In popular imagination, France still exists as a slow food nation: on every table a red-and-white checked cloth, in every pot a daube.
But I have a confession to make and it’s not pretty. I ate more fast food burgers in our first four months of living in France than I ever did when I lived in London.
Sure, sure, I still wheeled my shopping trolley to the market and around the village shops several times a week and cooked from scratch every day. But while we were in the thick of renovating this greedy, needy old house, we spent a lot of time racing between DIY stores, Mr Bricolage, BricoCash, and Bricoman (it’s like there was some terrible divorce and they had to split all the ducting and timber three ways), and that invariably meant– once again – we failed to master the rhythm of the day. As we ticked off errands, we often found ourselves screaming past the civilised lunch hour of 12.30pm.

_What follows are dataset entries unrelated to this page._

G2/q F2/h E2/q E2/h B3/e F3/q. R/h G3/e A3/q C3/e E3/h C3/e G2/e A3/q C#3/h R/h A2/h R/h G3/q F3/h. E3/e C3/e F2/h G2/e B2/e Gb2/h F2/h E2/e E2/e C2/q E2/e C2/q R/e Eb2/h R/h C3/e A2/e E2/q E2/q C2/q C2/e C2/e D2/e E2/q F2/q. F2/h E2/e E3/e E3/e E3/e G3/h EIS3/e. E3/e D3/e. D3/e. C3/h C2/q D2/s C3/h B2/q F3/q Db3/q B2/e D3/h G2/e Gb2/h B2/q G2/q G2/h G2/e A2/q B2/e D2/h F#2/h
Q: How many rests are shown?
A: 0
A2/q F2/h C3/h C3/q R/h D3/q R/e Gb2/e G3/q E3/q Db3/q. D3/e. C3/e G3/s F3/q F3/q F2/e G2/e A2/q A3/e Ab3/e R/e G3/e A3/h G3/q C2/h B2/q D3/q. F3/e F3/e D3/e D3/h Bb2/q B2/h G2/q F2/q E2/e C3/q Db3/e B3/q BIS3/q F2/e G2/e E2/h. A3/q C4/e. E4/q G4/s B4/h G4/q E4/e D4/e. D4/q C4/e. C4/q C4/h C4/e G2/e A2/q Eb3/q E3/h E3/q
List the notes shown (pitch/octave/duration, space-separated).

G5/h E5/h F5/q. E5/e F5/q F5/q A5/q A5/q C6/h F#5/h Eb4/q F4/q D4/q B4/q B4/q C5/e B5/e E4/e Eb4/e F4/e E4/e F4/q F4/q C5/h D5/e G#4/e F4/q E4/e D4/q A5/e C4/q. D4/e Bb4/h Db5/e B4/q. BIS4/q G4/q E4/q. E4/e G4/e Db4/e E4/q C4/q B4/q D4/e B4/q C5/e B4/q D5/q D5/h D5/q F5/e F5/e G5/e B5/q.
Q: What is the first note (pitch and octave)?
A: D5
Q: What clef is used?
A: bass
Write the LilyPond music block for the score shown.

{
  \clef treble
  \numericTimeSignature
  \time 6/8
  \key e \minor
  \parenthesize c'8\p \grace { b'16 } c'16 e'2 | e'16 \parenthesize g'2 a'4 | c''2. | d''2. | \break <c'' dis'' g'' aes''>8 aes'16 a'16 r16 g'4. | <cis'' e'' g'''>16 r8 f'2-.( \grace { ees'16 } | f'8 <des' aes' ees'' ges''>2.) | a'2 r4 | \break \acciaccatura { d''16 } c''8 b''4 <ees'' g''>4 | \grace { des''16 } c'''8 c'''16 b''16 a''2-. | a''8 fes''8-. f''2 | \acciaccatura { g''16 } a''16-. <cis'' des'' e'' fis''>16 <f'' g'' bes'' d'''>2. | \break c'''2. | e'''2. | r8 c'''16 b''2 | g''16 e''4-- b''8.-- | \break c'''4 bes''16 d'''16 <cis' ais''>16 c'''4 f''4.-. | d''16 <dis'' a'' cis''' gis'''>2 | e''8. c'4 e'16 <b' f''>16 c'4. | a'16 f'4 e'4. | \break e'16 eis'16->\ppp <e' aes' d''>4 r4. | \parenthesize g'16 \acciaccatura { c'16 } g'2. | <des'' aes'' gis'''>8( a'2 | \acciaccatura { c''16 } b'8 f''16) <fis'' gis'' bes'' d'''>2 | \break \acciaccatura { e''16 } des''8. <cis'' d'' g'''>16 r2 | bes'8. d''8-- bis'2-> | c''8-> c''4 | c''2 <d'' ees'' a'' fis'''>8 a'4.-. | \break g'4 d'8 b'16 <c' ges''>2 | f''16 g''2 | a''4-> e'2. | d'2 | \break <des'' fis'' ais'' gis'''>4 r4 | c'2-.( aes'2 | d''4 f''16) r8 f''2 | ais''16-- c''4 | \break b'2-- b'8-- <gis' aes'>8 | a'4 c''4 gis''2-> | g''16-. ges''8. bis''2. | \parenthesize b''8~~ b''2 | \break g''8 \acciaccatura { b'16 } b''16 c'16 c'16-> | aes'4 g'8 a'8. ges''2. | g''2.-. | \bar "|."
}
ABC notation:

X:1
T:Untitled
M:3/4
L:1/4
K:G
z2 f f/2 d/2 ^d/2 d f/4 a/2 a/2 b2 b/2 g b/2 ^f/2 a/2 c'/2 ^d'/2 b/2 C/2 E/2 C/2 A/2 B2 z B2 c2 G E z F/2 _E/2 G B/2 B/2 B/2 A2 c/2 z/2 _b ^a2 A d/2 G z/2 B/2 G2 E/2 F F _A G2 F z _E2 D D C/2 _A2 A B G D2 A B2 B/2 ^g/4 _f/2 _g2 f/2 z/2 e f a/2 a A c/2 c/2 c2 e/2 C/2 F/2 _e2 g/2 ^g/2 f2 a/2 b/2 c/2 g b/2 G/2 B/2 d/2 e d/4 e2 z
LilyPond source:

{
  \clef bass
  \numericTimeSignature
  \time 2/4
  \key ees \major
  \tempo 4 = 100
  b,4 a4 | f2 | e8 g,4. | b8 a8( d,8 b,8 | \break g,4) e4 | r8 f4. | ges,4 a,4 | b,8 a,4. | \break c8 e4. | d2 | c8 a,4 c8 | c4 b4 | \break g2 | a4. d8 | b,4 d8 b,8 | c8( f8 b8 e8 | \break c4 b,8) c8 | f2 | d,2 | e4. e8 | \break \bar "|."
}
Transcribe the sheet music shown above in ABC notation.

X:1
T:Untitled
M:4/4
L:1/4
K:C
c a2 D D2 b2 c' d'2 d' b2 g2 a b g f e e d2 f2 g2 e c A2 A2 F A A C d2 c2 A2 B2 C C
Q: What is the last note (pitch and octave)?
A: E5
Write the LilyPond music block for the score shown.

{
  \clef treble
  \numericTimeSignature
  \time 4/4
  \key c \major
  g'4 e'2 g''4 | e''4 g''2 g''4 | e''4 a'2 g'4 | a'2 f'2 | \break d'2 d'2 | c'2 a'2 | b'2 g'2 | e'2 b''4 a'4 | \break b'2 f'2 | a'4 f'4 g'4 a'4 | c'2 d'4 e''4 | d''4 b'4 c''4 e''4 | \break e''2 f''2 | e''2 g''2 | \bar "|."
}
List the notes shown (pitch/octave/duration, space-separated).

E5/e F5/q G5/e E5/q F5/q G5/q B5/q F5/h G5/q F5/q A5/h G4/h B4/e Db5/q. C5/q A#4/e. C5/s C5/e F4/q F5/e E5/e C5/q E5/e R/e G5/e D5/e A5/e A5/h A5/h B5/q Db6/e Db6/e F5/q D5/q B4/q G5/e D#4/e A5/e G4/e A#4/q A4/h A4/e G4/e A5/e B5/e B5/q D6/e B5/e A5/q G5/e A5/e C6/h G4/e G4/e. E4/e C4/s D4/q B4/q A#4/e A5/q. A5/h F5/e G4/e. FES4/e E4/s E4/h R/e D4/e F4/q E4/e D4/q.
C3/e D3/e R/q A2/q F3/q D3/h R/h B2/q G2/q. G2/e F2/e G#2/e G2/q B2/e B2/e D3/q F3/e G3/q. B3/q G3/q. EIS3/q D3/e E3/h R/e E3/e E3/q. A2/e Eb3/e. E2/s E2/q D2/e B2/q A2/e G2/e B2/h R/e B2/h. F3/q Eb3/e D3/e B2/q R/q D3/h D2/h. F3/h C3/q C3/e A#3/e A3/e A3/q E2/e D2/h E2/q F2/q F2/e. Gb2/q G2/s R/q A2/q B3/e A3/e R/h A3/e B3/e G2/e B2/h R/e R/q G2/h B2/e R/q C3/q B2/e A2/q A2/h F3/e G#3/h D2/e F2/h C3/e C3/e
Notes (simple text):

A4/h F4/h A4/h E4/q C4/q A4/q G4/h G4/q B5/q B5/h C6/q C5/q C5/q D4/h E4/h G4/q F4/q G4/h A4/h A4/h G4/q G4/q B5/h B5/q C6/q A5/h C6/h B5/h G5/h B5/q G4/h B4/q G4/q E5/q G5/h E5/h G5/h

One of the great attractions of the chain restaurants that frequently share parking space with DIY shops, supermarkets, and garden centres is that they’re open all day. No one looks at you like a war criminal if you try to order lunch at the disgracefully late hour of 2pm. And this is why – in those early days at least – I ate more at McDonalds than I ever did at home in London. Admittedly, I perhaps graced the golden arches three times in the past decade, but I never thought I’d move here and end up eating junk food (malbouffe, literally bad food) Sometimes life’s what happens when you’re dreaming of other plats.
People rallied to the defence of our potato guy, Steve, criticising the snobbery of many who sneered at him. This being France, some of the defences of La Pataterie went a bit Les Mis (A favourite: “These are obviously petty bourgeois tweets based on class contempt.”)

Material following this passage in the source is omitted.